Intermezzo is on a mooring ball in North Cove, Old Saybrook CT. I'm here to visit my sister Alison and her family and provision the boat for our upcoming passage to Norfolk VA.
It was a beautiful sail here from Block Island for the first two-thirds of the trip. The wind was blowing a steady 15+ knots from the south-southwest, putting us on a nice close reach through light wind waves. It was sunny, the sky clear, the water blue and a comfortable temperature despite the strong breeze. I had fun altering course in increments 20 degrees up and downwind, trimming the sails and seeing how fast I could get the boat to go. I'm trying to develop an upwind polar table for the boat so we can sail more efficiently.
I got my first taste of what the last third of the trip would be like as we passed the east end of Fishers Island. I noticed steep waves with whitecaps ahead. Since the wind speed hadn't changed and the water was plenty deep ahead, I knew the rougher seas had to be due to current. I took a look at the chart, and sure enough, I was in a stretch of water called The Race. The current was only flowing at about a knot, but still heaping up the wind waves into a nasty chop. A couple of hours later, it would be flowing at over 3.5 knots. Glad I wasn't trying to get through then!

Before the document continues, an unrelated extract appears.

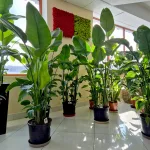 Strelicja biała (Strelitzia nicolai) 165cm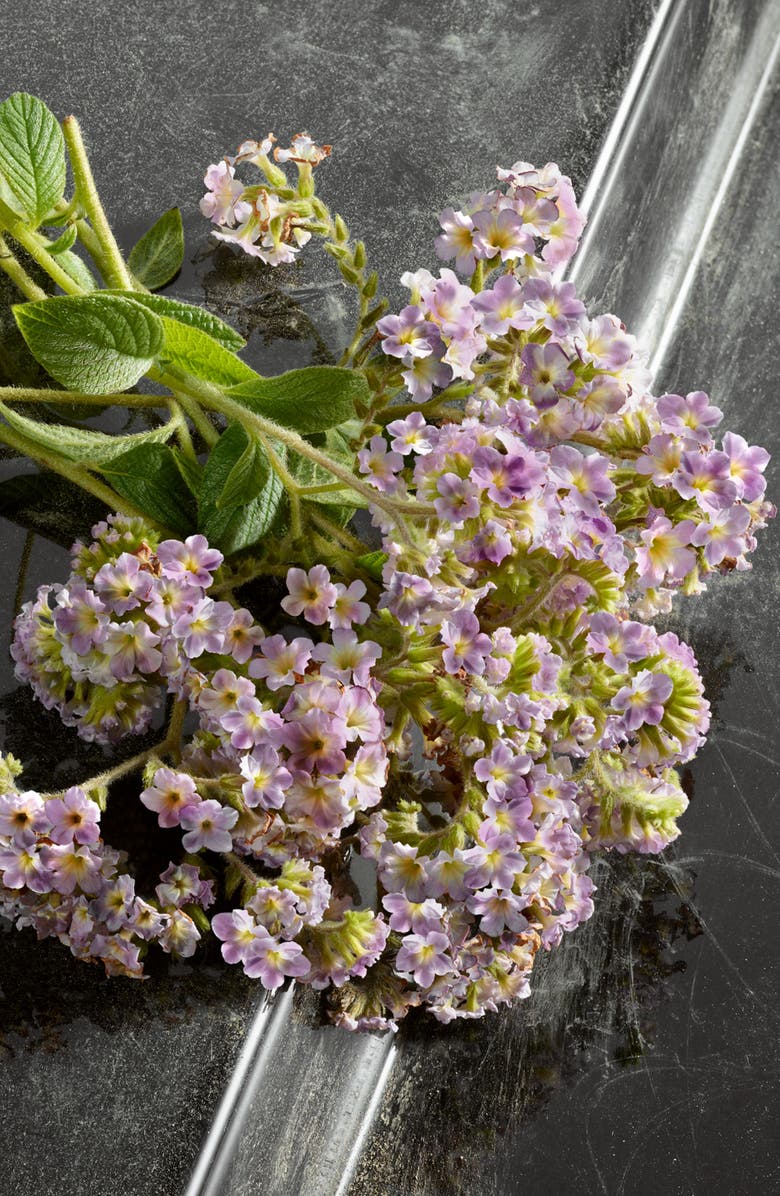 Dolce&Gabbana Q by Dolce&Gabbana Eau de Parfum Intense, Alternate, color,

It was a navigational oversight for me to not have checked currents along our route. I haven't had to deal with them much lately, other than in rivers, but Long Island Sound has some areas that can get pretty nasty if you are there at the wrong time. I studied the remainder of our route and it looked okay, except as we approached the Connecticut River which would be ebbing against the wind and probably kick up the seas a bit.
The boat felt very damp this morning, so I had opened a few hatches to let the breeze air the cabin out. As the wind increased and the waves got a bit bigger, I closed all but the small starboard midship hatch. As we got closer to the river, the wind was blowing 20 knots and we were bashing into a steep chop. Somehow, I forgot about the open hatch until a big wave crashed over the bows, breaking against the forward salon hatches and then running along the side decks. I cried out, "Oh no!" as I turned my head and looked down into the starboard hull to see gallons of water pouring through the open hatch.
I jumped below and secured the hatch, but there was a lot of water on top of the lockers where we store dry goods and sundry other items that don't like getting wet. I mopped up the water as fast as I could, then started handing the locker contents up to Lisa. Meanwhile, the boat was bashing like crazy, there was water all over the cabin sole and Lisa was getting seasick. Fortunately, we had a lot of sea room and there were no other vessels about, so I was able to let the autopilot steer and work down below to get most of the water mopped up as Lisa retired to her cabin, quite green around the gills.
I navigated the rest of the choppy waters to the Saybrook inlet without further incident. I felt a bit nervous about entering the narrow inlet between rocky breakwaters with a strong ebb running against wind. The chart warned of strong cross currents, too. I scoped out the entrance with the binoculars and it looked a bit choppy no a big deal, but what about those cross currents? Fortunately a power boat was leaving the inlet and I watched it exit without any problem. So, I soldiered into the entrance, the engines at nearly full speed to keep speed up against the foul current and give plenty of control through a few sets of small but steep waves.
Once through the inlet, it was an easy passage to North Cove, a protected basin about a mile up and a half mile in from the Connecticut River's west bank. We picked up a free town mooring ball and then set to cleaning up from my flooding mishap. We freshwater rinsed and dried all the surfaces and stuff that got wet from saltwater, including the cabin sole and insides of the lockers. Then we had to re-stow everything that was taken out. It was quite a bit of work.
That's it. I'm never sailing upwind with any hatch open, ever again.